3-Sevgili okurlar, kuraklığın ve iklim krizinin aşısı yok. Zemheri zamanı bahar sıcaklığı yaşıyoruz. İnsanoğlu dünyayı kuruttu. Lutfen suyu idareli kullanın.

4-Türk kökenli Alman bilim insanları Dr. Özlem Türeci ile Prof. Uğur Şahin’i dünyanın en önemli yayın organlarından ABD merkezli TIME dergisi “Aşı Devrimi” başlığıyla kapak yapmış.

5-Türkiye’den ABD’ne giden Nobel alıyor. Almanya’ya giden aşı buluyor. Belçika’ya giden bakan oluyor.

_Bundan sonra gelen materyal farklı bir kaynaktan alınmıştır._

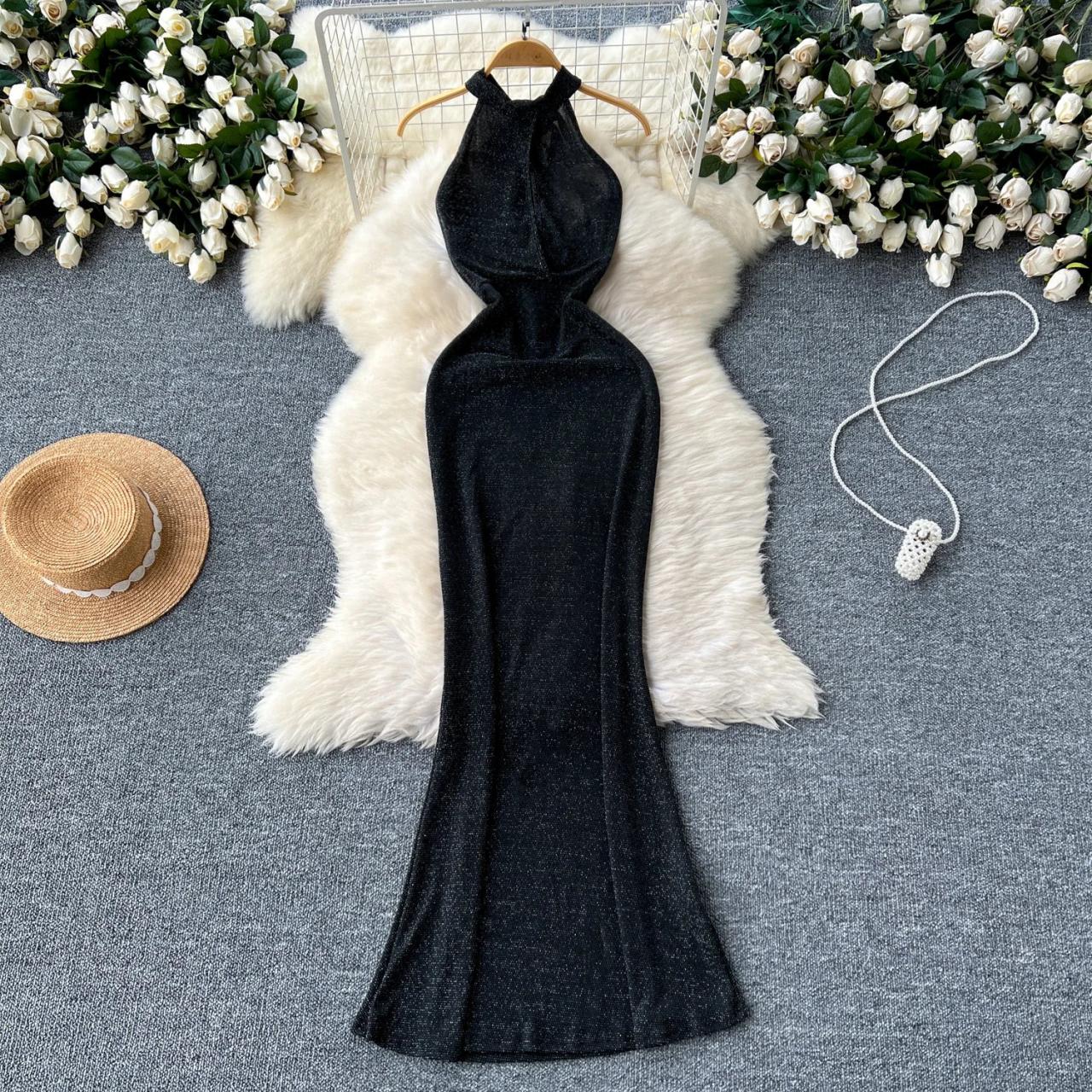 Sleeveless Black Velvet Maxi Dress With Hood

Elimizde kalanlar İmam oluyor.

6-Şu dünyada bir kadınları anlayamadım bir de grev yaparken halay çekenleri!

7-Dosttan gelen günaydın mesajı birlikte kahvaltı yapmış kadar mutlu eder insanı. Günaydın Dostlar… (Öğrencim Ramazan Kara’dan alıntı.

8-Ağzımız ve burnumuz insan vücudunun gümrük kapılarıdır. Gümrük kapılarımızı kontrol altına alırsak mikroplara ve virüslere vize uygulamış oluruz. Maske, mesafe ve hijyen gümrük kapılarımızı % 100’e yakın korur. Canımızı koruyalım.